Methods, systems, and apparatus are disclosed for data-driven robotic control. The patent application describes a method that involves maintaining robot experience data, obtaining annotation data, training a reward model on the annotation data, and generating task-specific training data for a particular task. The task-specific training data is generated by processing observations from a subset of the robot experience data using the trained reward model to generate reward predictions and associating the reward predictions with the corresponding experiences. A policy neural network is then trained on the task-specific training data to generate a control policy for a robot performing the particular task.

  • The patent application describes a method for data-driven robotic control.
  • The method involves maintaining robot experience data and obtaining annotation data.
  • A reward model is trained on the annotation data.
  • Task-specific training data is generated by processing observations from a subset of the robot experience data using the trained reward model.
  • The reward predictions generated from the trained reward model are associated with the corresponding experiences.
  • A policy neural network is trained on the task-specific training data to generate a control policy for a robot performing a particular task.

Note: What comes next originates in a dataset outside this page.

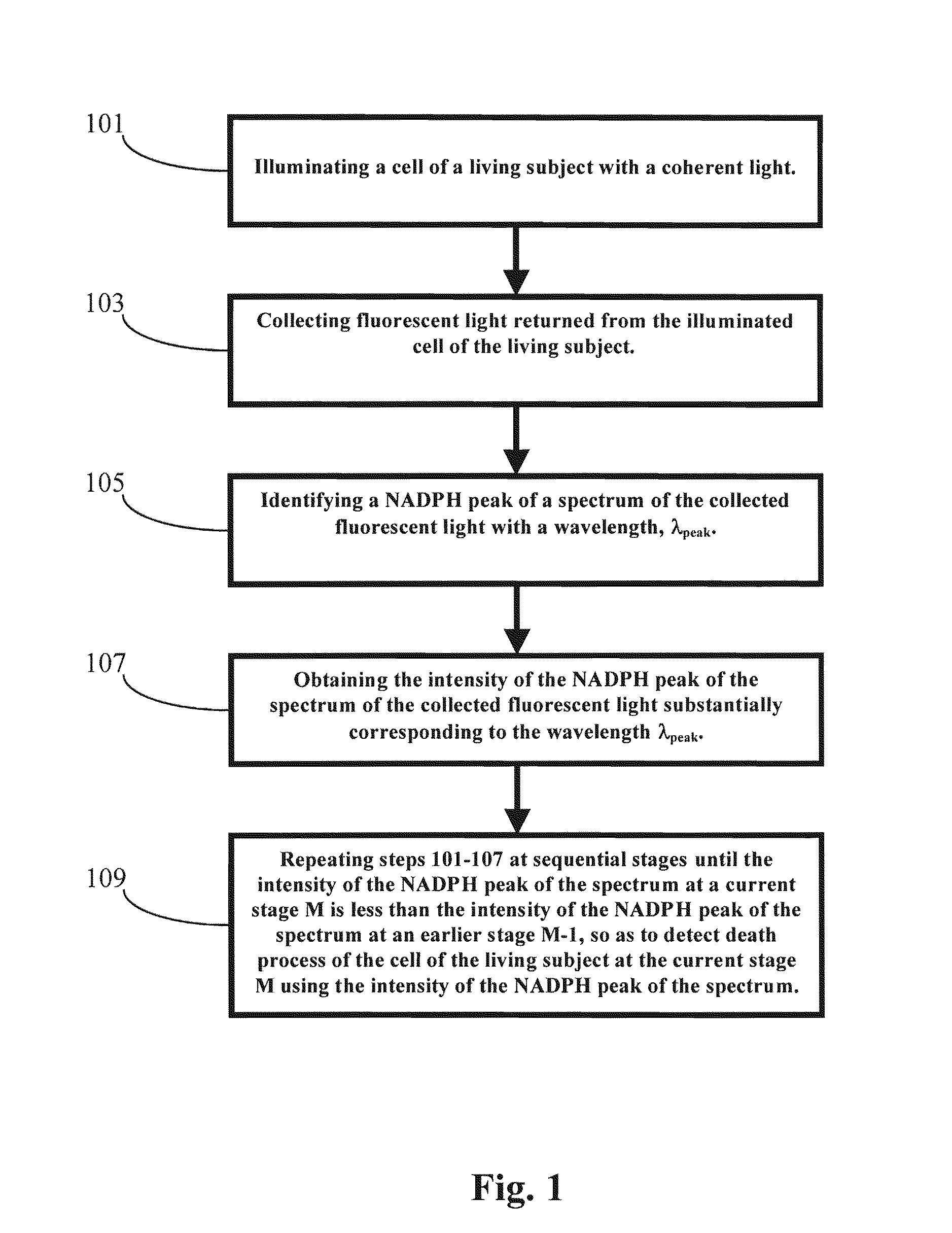 Methods and Apparatus for Optical Spectroscopic Detection of Cell and Tissue Death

Potential applications of this technology:

  • Robotic control systems that can learn from experience and adapt to different tasks.
  • Automation of complex tasks in various industries such as manufacturing, logistics, and healthcare.
  • Autonomous robots capable of performing a wide range of tasks without explicit programming.

Problems solved by this technology:

  • Traditional robotic control methods often require manual programming for each specific task, which can be time-consuming and costly.
  • Adapting robots to new tasks or environments can be challenging without a data-driven approach.
  • This technology enables robots to learn from experience and improve their performance over time.

Benefits of this technology:

  • Increased efficiency and productivity in industries that rely on robotic automation.
  • Flexibility and adaptability of robotic systems to perform different tasks.
  • Reduced need for manual programming and maintenance of robotic control systems.
  • Improved performance and accuracy of robots through continuous learning and optimization.


Original Abstract Submitted

methods, systems, and apparatus, including computer programs encoded on computer storage media, for data-driven robotic control. one of the methods includes maintaining robot experience data; obtaining annotation data; training, on the annotation data, a reward model; generating task-specific training data for the particular task, comprising, for each experience in a second subset of the experiences in the robot experience data: processing the observation in the experience using the trained reward model to generate a reward prediction, and associating the reward prediction with the experience; and training a policy neural network on the task-specific training data for the particular task, wherein the policy neural network is configured to receive a network input comprising an observation and to generate a policy output that defines a control policy for a robot performing the particular task.